Clothing manufacturers design and cut clothing based on specific proportions and dimensions. If your body proportions are different than the fit model of the manufacturer, the clothes you try on and buy won’t fit. The sleeves will be too short if your arms are longer than the fit model, or too long if your arms are any shorter. If your waist is wider or smaller … if your hips are wider or more narrow … if your bosom is larger or smaller than the fit model, the list goes on. Typically, we either make do with what is too big or go through life being squeezed into garments like a sausage. Its NOT YOU, its not your body that has a problem…it’s the manufacturer.

The clothing industry shares responsibility for our warped attitudes about ourselves. To stay in business, clothing companies must make a profit, fair enough. Straight seams cost less to cut and sew than curved ones. Almost all affordable clothing is manufactured with straight seams, yet women generally have curved bodies. When we try to put our bodies into these straight-cut clothes and we don’t fit, we think there is something wrong with us. We look at the stick-straight models —the ones whose bones show and look like tall girl-children­—the ones who look good in those straight-seamed clothes—and we wish we didn’t have our curves. Ouch. We compare ourselves to those models and think there must be something wrong with our curves, our bodies, ourselves. The truth, there is nothing wrong with who you are or how you’re made; there is something wrong with how the clothes are made.


Finding ready-made clothes was a seemingly impossible task for Connie. She was six feet tall and small boned, with long arms, long legs, long neck, tiny head, and delicate features. Women’s clothes are not manufactured for her body proportions. She wanted feminine clothes to wear under her working uniform of white doctor’s coats—not fussy feminine clothes, just clothes with some grace. The only garments she could find to wear were men’s jeans and shirts, which were not feminine; they were simply long enough. She was able to find tops and some sweaters, but she wanted to have trousers and skirts cut for the way she moved. Her long stride called for swinging skirts in fluid fabrics that swirled around her calves. Her relaxed posture asked for softly tailored, loose-fitting jackets or cardigans. Not having feminine clothing had been such a problem all her life that as she approached her 50th birthday she was still self-conscious when meeting strangers.

When she came to see me she felt trapped. Oh, and the truth will set you free. It didn’t take long however for Connie to realize that her body was asking for skirts, trousers and long sleeved jackets tailored to her proportions, not a fit model who didn’t look like her, wasn’t her, never could be her.
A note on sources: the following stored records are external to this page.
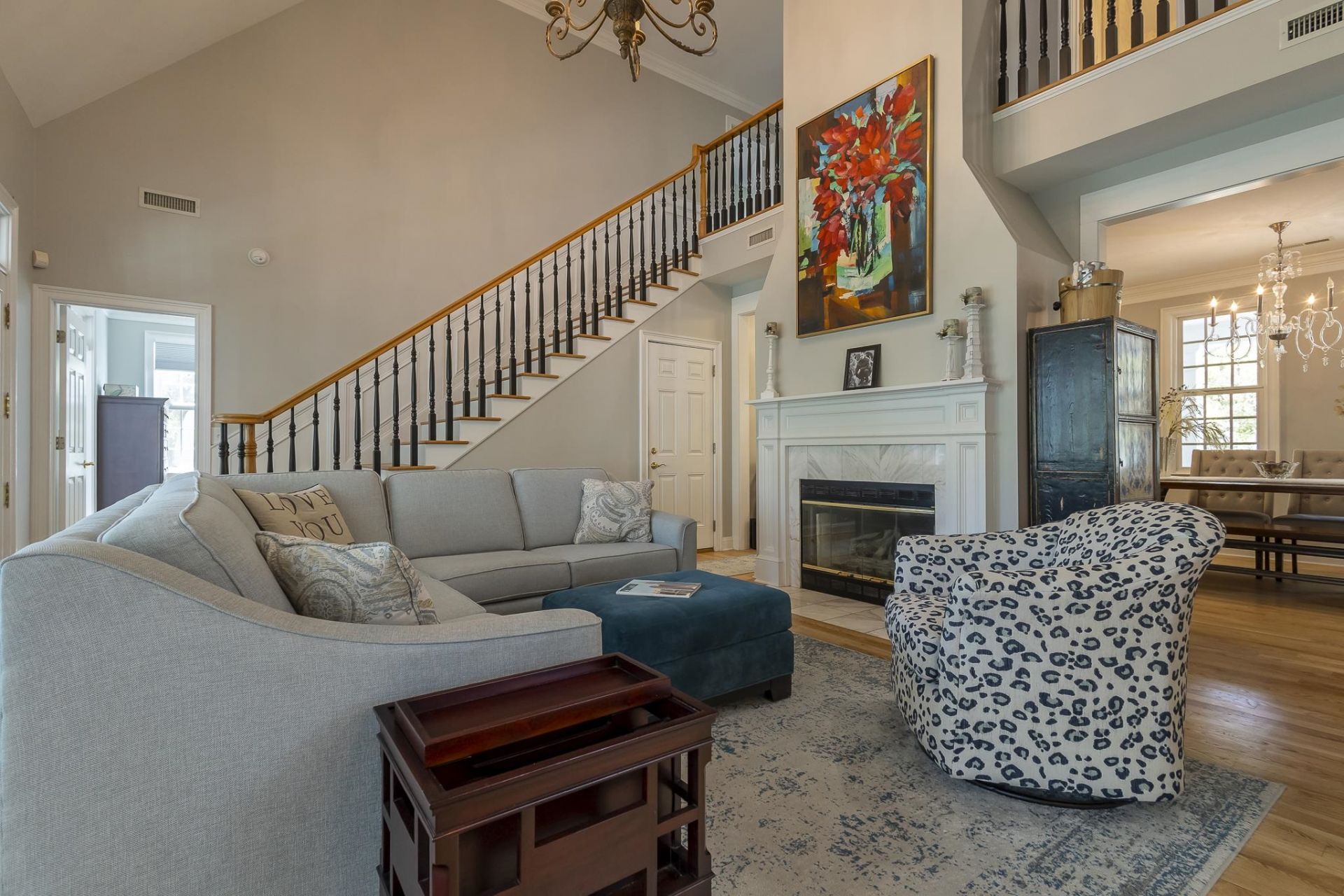 644 Wedgewood Dr. Photo 13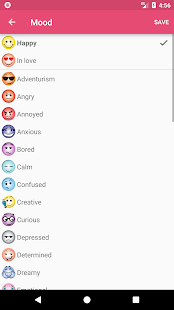 womanlog-pro-calendar-5-8-7-patched
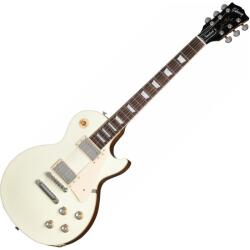 Gibson Les Paul Standard 60s Plain Top, Classic White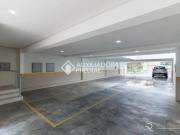 Imóvel para venda com 65 metros quadrados com 2 quartos...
She is unique, we all are. Because of her narrow waist and fuller thigh, she looked best in shorter jackets that had fit through the waist. We took her boxy blazers to an alterations person who trimmed the bottom to three inches below her waist; made the sleeves longer with the cut fabric and created curves in the side seams to make the overall appearance more feminine. After her first fitting the change in her countenance was remarkable. She was becoming other rather than self conscious.